Above all, you may come to a place where spiritually you reach what feels like rock-bottom: your sins seem stronger than ever, God seems far away, distant and unreal, none of the spiritual disciplines seem to stick and your heart is just drifting further and further from the things of God. What do you do when you seem to be sitting in the ruins of something?
The Bible reveals a God who wishes to restore, heal and rebuild. He does this both because He is loving and seeks our good, but also because He deserves glory as the rescuer, the fixer, the repairer, the healer. The grand story of the Bible is Good News, euangellion in the Greek, Goodspel in old English and Gospel in modern English. The good news is that God does not forsake us when things have fallen apart. In fact, He rather specialises in picking up the pieces. We read this morning in Joel that God can restore the years that the locust has eaten. He desires to do so, if you will drop the pride, surrender, and do it his way.
The life of David has a moment when things were in ruins, and David needed to pick up the pieces.

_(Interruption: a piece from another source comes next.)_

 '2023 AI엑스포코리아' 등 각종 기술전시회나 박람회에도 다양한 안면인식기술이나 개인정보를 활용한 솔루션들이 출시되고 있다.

Many years of absent-minded rule allowed a rebellious son Absalom to foment a rebellion, steal the throne, drive David into hiding, with a resulting war that led to 20,000 dead, Absalom dead, and a mostly confused nation as to who was now the rightful king. But as we’ll see, David took a number of steps that serve as a wise example of what to do when it looks like everything is in ruins. But David’s response is not the stuff of Internet memes: “you only fail when you stop trying” “Love the person you’ve become and don’t listen to the haters” “Do this for yourself, live for you, honour you,”
David’s response is that of someone shaped by biblical wisdom, shaped by exposure to God’s nature, and living in relationship with God. In chapter 19 and 20, we’ll see four steps David took to pick up the pieces of his ruined kingdom, and restore it.
I. Renew Your Commitments
Now all the people were in a dispute throughout all the tribes of Israel, saying, “The king saved us from the hand of our enemies, he delivered us from the hand of the Philistines, and now he has fled from the land because of Absalom.

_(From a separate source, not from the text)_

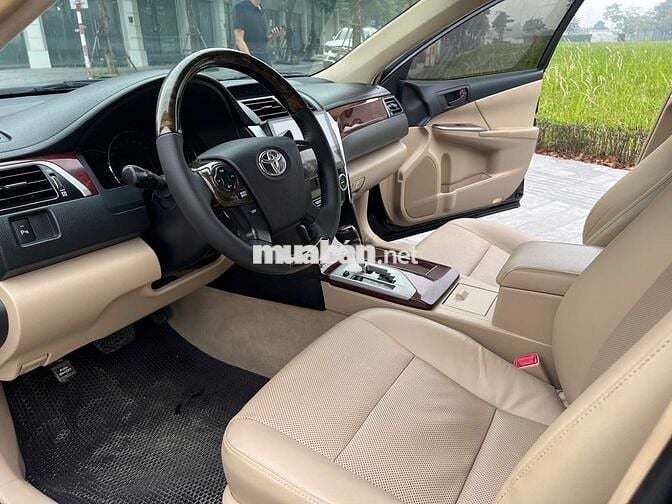 Toyota Camry 2.0E 2013 11 vạn km Đen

But Absalom, whom we anointed over us, has died in battle. Now therefore, why do you say nothing about bringing back the king?”
So King David sent to Zadok and Abiathar the priests, saying, “Speak to the elders of Judah, saying, ‘Why are you the last to bring the king back to his house, since the words of all Israel have come to the king, to his very house?
You are my brethren, you are my bone and my flesh. Why then are you the last to bring back the king?’
And say to Amasa, ‘Are you not my bone and my flesh? God do so to me, and more also, if you are not commander of the army before me continually in place of Joab.’ ”
So he swayed the hearts of all the men of Judah, just as the heart of one man, so that they sent this word to the king: “Return, you and all your servants!”
(2 Samuel 19:9–14)
We pick up the story when David is still in the city he fled to, Mahanaim. It was there that he waited out the battle with Absalom, it was there that he heard the news that the battle was won and Absalom was slain, and there he gave vent to inappropriate grief over his rebellious son, and nearly lost the trust of those who had fought for him. But now David is back in his right mind, and he knows the important thing is that the confused and divided citizens renew their covenant with him, re-establish their loyalties.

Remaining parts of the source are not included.